One month on, I have a response of sorts. “The information you have requested is excluded from the Act because it is held for the purpose of ‘journalism, art or literature’ and it would, in any case, be an enormous amount of work to try to find the information” says Stephanie Harris of the corporation. “the BBC is not required to supply information held for the purposes of creating the BBC’s output of information that supports- and is closely associated with – these creative activities.”
If anything has ever highlighted the nonsense of the FOI legislation then this, surely has to be it.”

Hmm. Anyone would think that he’d read this blog. Craig, if you ever do the enormous amount of work required to find out the information, I’d send your bill in to the Telegraph.

The "Centre"

Damian Thompson:

Remember that people with a Left-liberal/BBC/public sector worldview believe that they hold the centre ground. They regard any reform of the public sector as “Right-wing” and all spending cuts (including those few they grudgingly acknowledge need to be made) as representing a tack to the Right.

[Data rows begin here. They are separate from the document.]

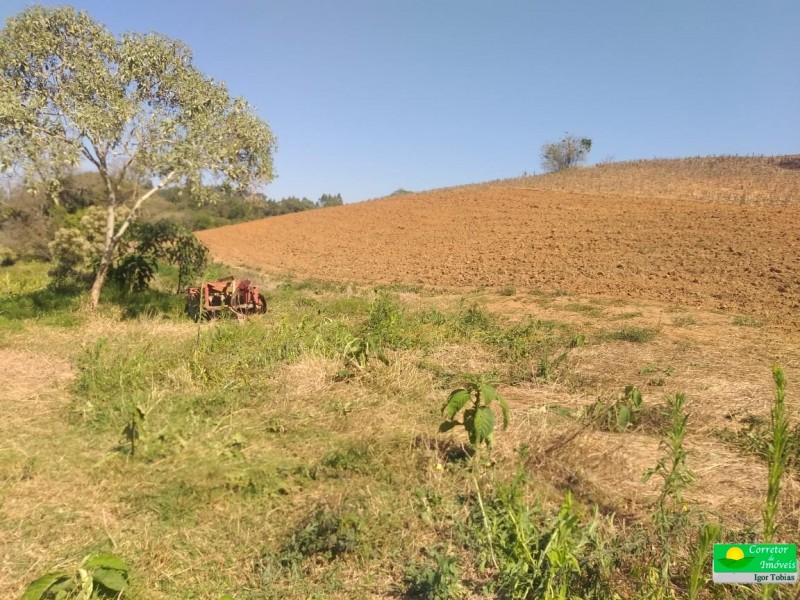 ÁREA RURAL COM REPRESA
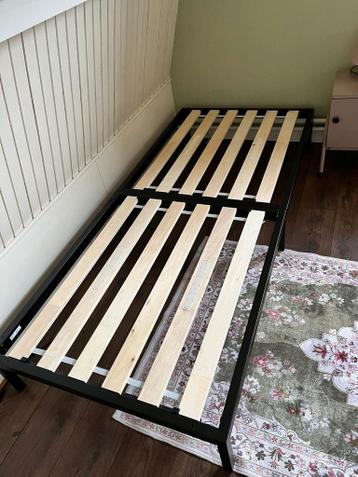 GRATIS Ikea bedframe met lattenbodem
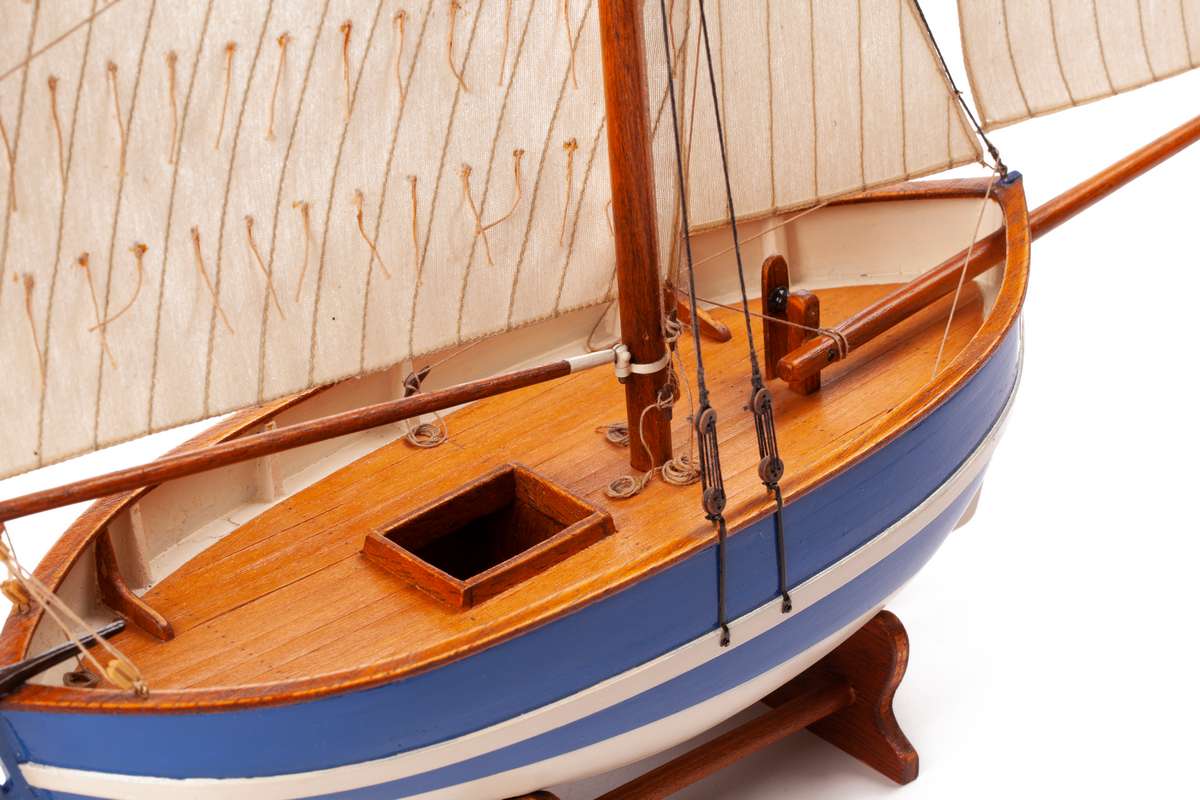 1:30 ESPERANCE - Wooden hull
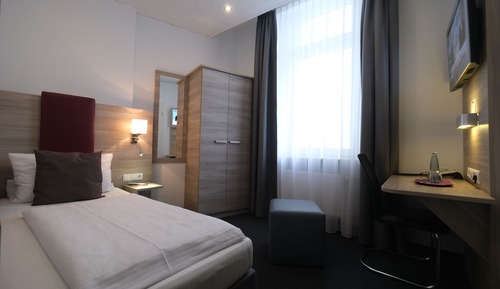 Single Room, Non Smoking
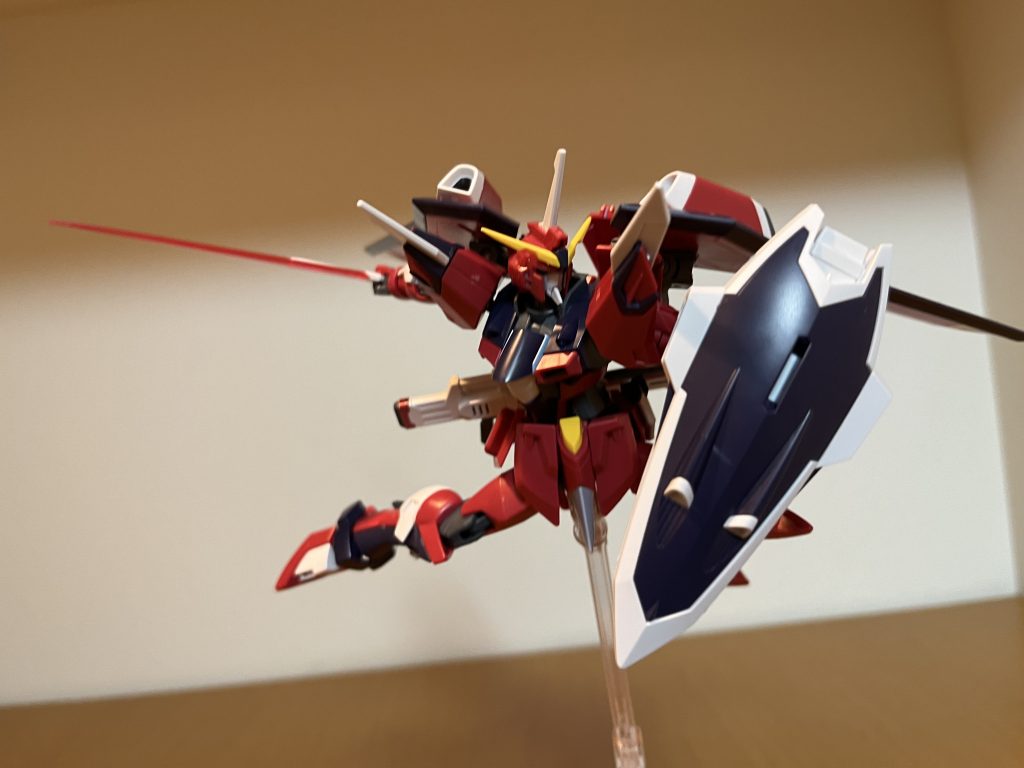 HG イモータルジャスティスガンダム–3枚目/制作者：刺身オレンジ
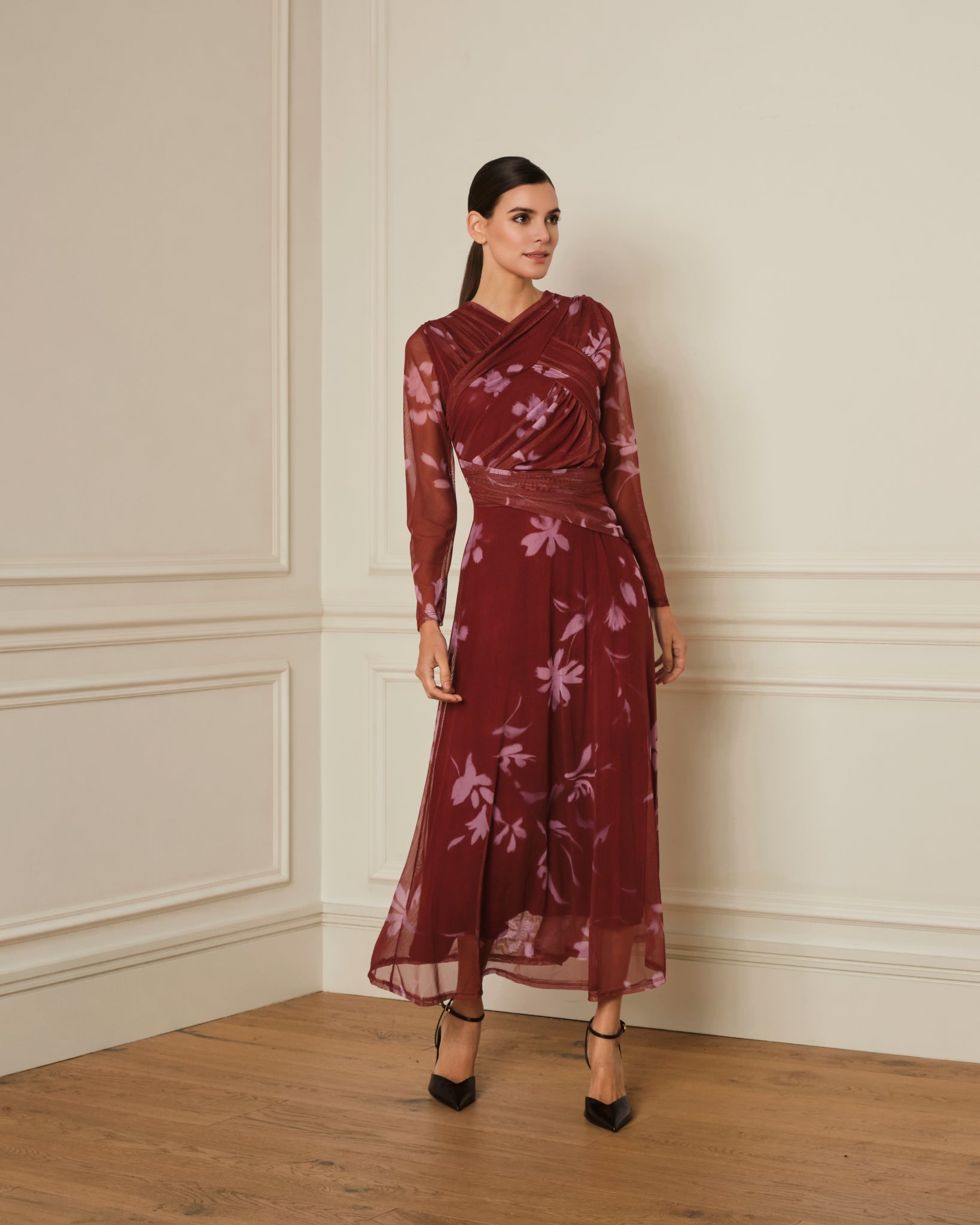 VESTIDO MANGA LARGA CON ESTAMPADO FLORAL ROJO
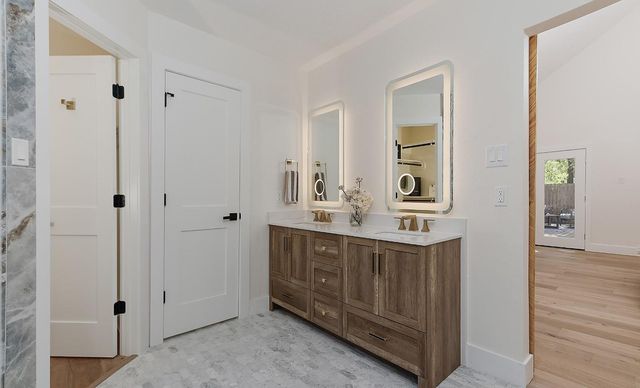 16 Crinkleroot Court, The Woodlands, TX 77380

Ask yourself what policies you’d have to adopt to earn the adjective “Left-wing” on the Today programme… (Ed M. will) stick to his insane socialist position of maintaining the current size of the state, and that will be enough for Today to place him in the middle of their political spectrum. My guess is that the BBC’s ground troops at White City were in Ed’s camp, not David’s. Now he’s about to reap the benefit.